This Magazine

Progressive politics, ideas & culture

November-December 2008

How Canada’s secretive arms trade ruins our peacekeeping reputation

Jenn Hardy

In July 2008, Switzerland’s Small Arms Survey released its 2008 annual report on which countries have the best and the worst records when it comes to transparency and the small arms trade — the diversion of weapons such as rifles and anti-tank guided weapons that can fuel civil conflicts and insurgencies. Canada’s score? A disappointing 14.5 out of a possible 25 points, putting us between Australia and the Czech Republic for sixteenth place out of 40 countries. The most transparent country? The U.S., with its near- perfect score of 21. Well, at least we no longer rank just one notch above Iran, as was the situation in 2007 when we scored a mere 11 points.

nd08_smallarmsWhile we might like to think of ourselves as peacekeepers, the truth is that Canada houses a thriving military goods industry that includes everything from small arms to night-vision goggles. And while the companies that make up this industry are dutifully reporting to the federal government, the last time the feds reported to Parliament on our weapons trade was in 2002.

Governmental secrecy contributes to low rankings on the survey, explains Eric Berman, managing director of the SAS. Canada lost marks because we’re slow to release the data the government does have on our arms industry. For example, a report that looked at which Canadian weapons went where in 2003 to 2005 was only made available in 2008.

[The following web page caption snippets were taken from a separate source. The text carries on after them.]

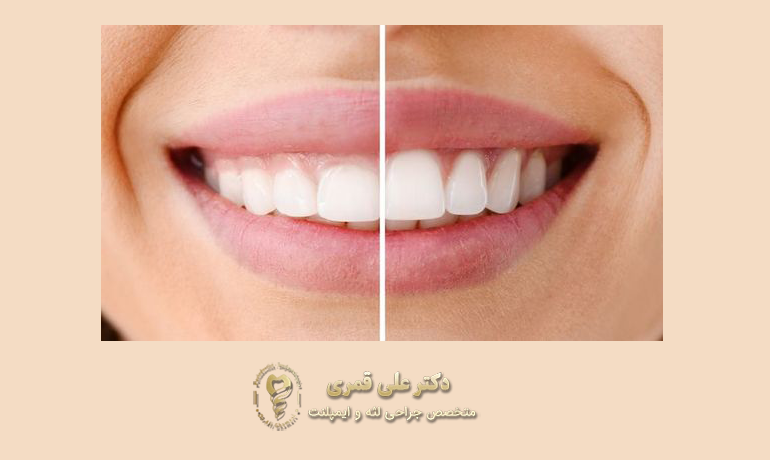 جراحی لثه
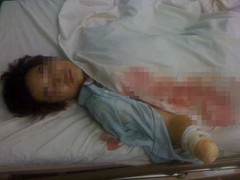 Mìn tự chế phát nổ, một thanh niên tàn phế suốt đời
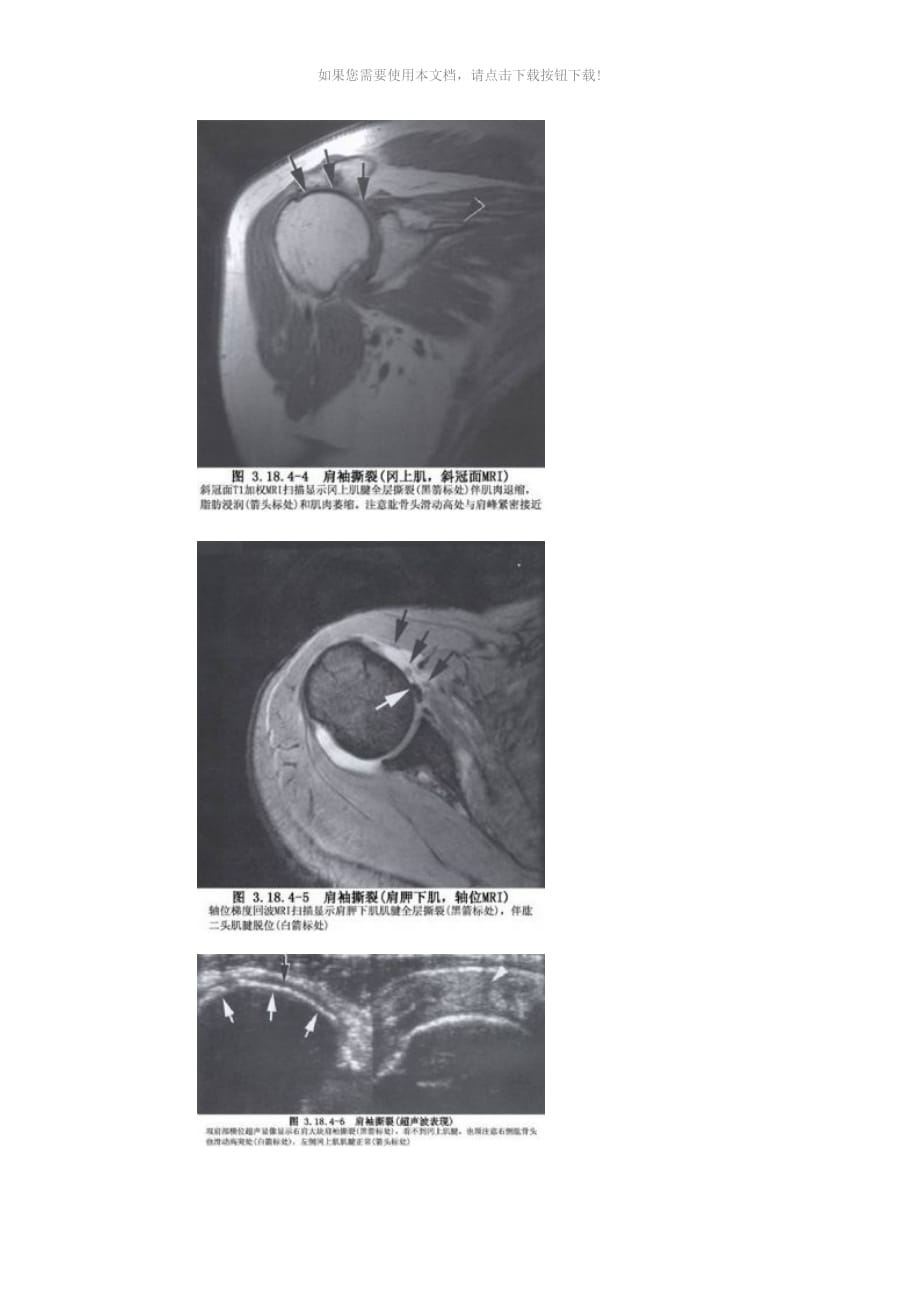 （推荐）肩关节镜概述_第3页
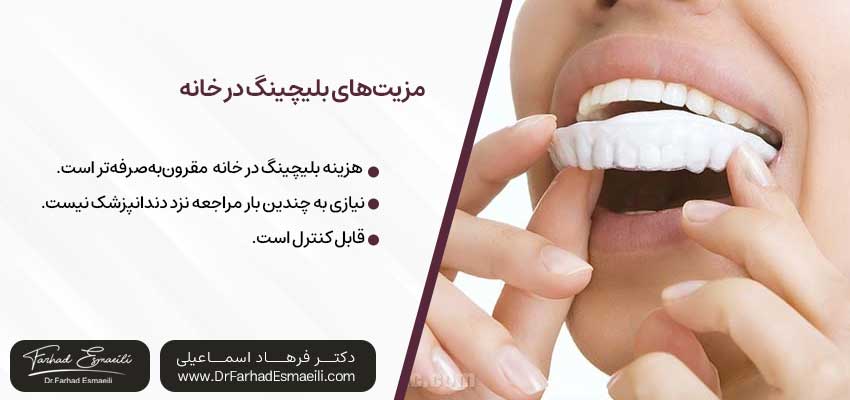 مزیتهای بلیچینگ در خانه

Perhaps the feds are so secretive because they don’t want us, or the rest of the world, knowing exactly how huge our military industry is. Last year, after being unable to find the necessary facts on our military goods industry, CBC researchers set to work and in the fall, released a report that contained some shocking numbers. They found that around 500 companies in Canada are making defence and security products and that between 2000 and 2007, Canada exported US$3.6 billion in military goods, making us the sixth largest weapons exporter in the world.

Currently the U.K. (which exported US$19 billion worth of defence gear in 2007 alone), along with the U.S. and Russia, are the world’s top military goods exporters. But with the Tories’ June amendment to the Automatic Firearms Country Control List now allowing us to sell weapons to 11 new countries, including Bulgaria and Turkey, expect our defence gear industry to only grow in the future.

As for the lack of federal reports on our arms industry, Michael O’Shaughnessy, spokesperson for Foreign Affairs and International Trade Canada, explains that there is no legislative requirement to create such documents and any such publications, past or future, are produced as a voluntary transparency measure. He does add that a report on our 2006-2007 arms exports is currently being prepared for public release on the Internet.

So maybe the SAS’s annual reports are starting to pay off and that, explains Berman, is his organization’s goal. “We hope through the barometer to encourage greater transparency.” Because without that transparency, “it makes tackling illegal trade all the more difficult.”